View Single Post
Old 05-03-2008, 08:23 PM   #328 (permalink)
Nihil
Forum Member
 
Nihil's Avatar
 
Join Date: Feb 2007
Location: Central Oregon
Drives: '95 Base/'93 TT
Trader Rating: (8)
Nihil is an unknown quantity at this point
Default Re: ProwlerGT's 3000GT Revival Thread - Start Up

Quote:
Originally Posted by ProwlerGT View Post
Drivability test 2 - Today I went out again by myself and paid closer attention. Windows down I can hear the brakes scrapping the rotors the entire time while going 10 - 35mph. Comparing the braking to a 2001 maxima which has the same engine size, a dodge charger 2006, and my 95 Windstar the braking is just better on all 3. I did several panic stops today from 30 or 35mph and measured the temps of the rotors with an infrared thermometer with a laser pointer.

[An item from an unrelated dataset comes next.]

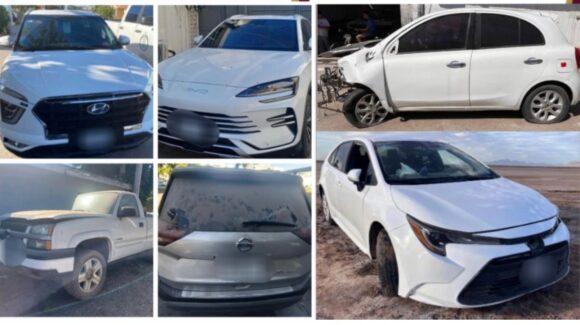 Recuperan 6 vehículos con reporte de robo en El Tamarindo, Culiacán, Sinaloa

35 mph run and quick stops:
Front Rotors: Low 300's F variance of about 15 degrees between the two.
Rear Rotors: Low 200's F variance of about 10-15 degrees between the two.

Highway drive to 70mph:
Front Rotors: High 300's F near 400F; variance of about 20 degrees between the two.
Rear Rotors: High 200's F near 300F; variance of about 10-15 degrees between the two.

Now what I don't know is if ANYONE is gonna know if those temps are within some kind of decent normal range. I was happy to see that they all seemed relatively close in temp to each other, but thats all I can say. Dunno if thats too hot or what.



hyperblue - Yeah I've made that mistake before too, but usually 99% of the time the lugs push the rotor all the way back once the wheels are back on. You can see at the front of the hub if its lined up right before you put the wheels on. I would think too if the rotors aren't flush that it would wobble the wheels big time. Though I have never known about "nubs and divots" on the back of rotors. Maybe I should take a gander.

nihil - I'll reverify the brake booster hose positioning, but I don't believe you can install the hose the wrong way without bending it up.

I have a lil bleeder container with a transparent hose attached so I watch that line as its bled for air bubbles. Its solid fluid coming out, but I'll rebleed anyway and see what happens.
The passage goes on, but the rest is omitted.